Google sheets: appending new data to an existing DataFrame

  1. Are you running your app locally or is it deployed?
  • Locally

I have a connection to Google Sheets where I am accessing a Data Frame. In streamlit I have a series of functions to generate values, for example category, amount and a timestamp of when the purchase was made. The problem is that when I try to add a new record it deletes the existing values in the spreadsheet and also if I enter a value first, and then try to enter another one, it gets overwritten. However, when I run the Python code lines 1 by 1, it does not cause this error, it is only when I do it from the app.

Here’s how my spreadsheet looks like:

image

This is how my app looks like and when I click on add:

These are the two main functions executing the code:

def submit_values():
    try:
        conn = st.experimental_connection("gsheets", type=GSheetsConnection)
        category, cat_spec = category_spending()
        amount = amount_money()
        time = time_done()
        if st.button("Añadir"):
            # Read the latest data from the spreadsheet
            df = conn.read(worksheet="datos", usecols=[0, 1, 2, 3])

            data = {"Rama": category, "Categoría": cat_spec, "Monto": amount, "Fecha": time}
            temp_df = pd.DataFrame([data])

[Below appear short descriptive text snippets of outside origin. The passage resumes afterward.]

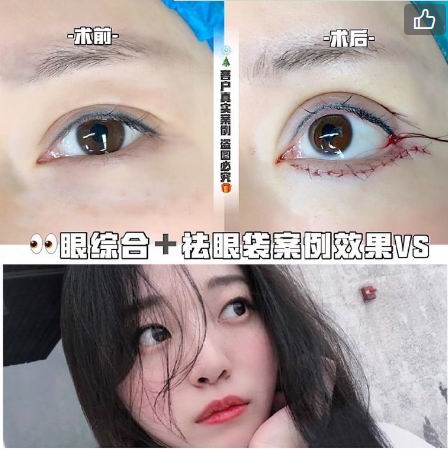 新疆眼部整形专家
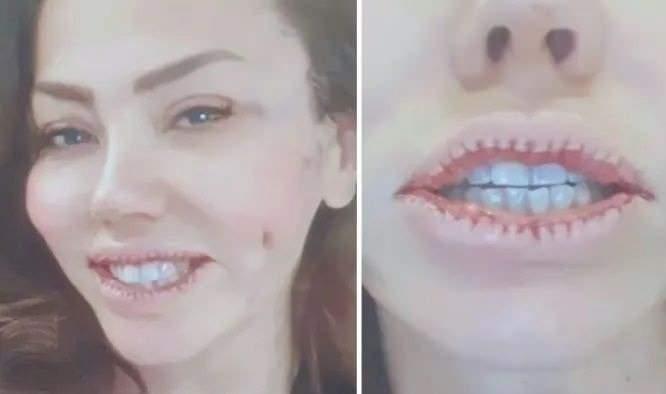 <p>Lara, estetikle dudaklarını küçülttürmüştü. Gözyaşları içinde pişman olduğunu söyleyen Lara,<strong><em> "Ne olur bana dua edin, dudağımla pipet bile tutamıyorum. Lütfen hiçbir yerinize bir şey yaptırmayın. Dudağınız kötüyse bile kalsın"</em></strong> ifadelerini kullanmıştı.</p>
<p> </p>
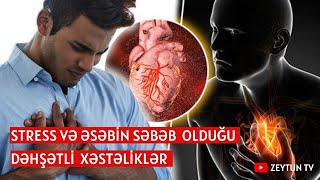 Stress-Əsəb Ürəyi̇ Bu Hala Salır - Hər Kəsi̇n İzləməsi̇ Vaci̇b Olan Vi̇deo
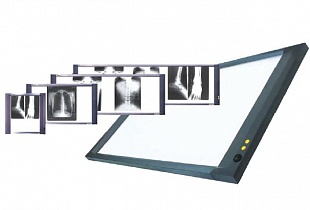 Негатоскопы для просмотра рентгенограмм Dixion X-View Led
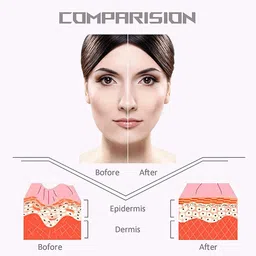 Getmecraft V-Line Lifting & Double Chin Reducer V-Shaped Slimming Face Mask - 50gms image 2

            # Update the dataframe and the spreadsheet
            updated_df = update_dataframe(df, temp_df)
            conn.update(data=updated_df)
            st.success("¡Datos añadidos correctamente!")

    except Exception as e:
        st.error(f"Error: {e}")
def update_dataframe(existing_df, new_data):
    # Find the first empty index
    empty_indices = existing_df.index[existing_df.isnull().all(axis=1)].tolist()

    if empty_indices:
        # Use the first empty index
        first_empty_index = empty_indices[0]
        existing_df.loc[first_empty_index] = new_data.iloc[0]
    else:
        # If there are no empty indices, append the new data to the end
        existing_df = existing_df.append(new_data, ignore_index=True)

    existing_df["Fecha"] = pd.to_datetime(existing_df["Fecha"])
    existing_df.sort_values(by="Fecha", ascending=False, inplace=True)
    return existing_df
  1. Share the Streamlit and Python versions.

Python version: 3.9.18
Streamlit, version 1.26.0

hey hi ! it will be awesome if you share more detail or source code even deployment link for now you can check out this docs and blog

this reference blog describes it all…

Hi @Manswi_More thanks for your advice, I replace the code with streamlit forms function and that solved it for me. Thanks!

This topic was automatically closed 2 days after the last reply. New replies are no longer allowed.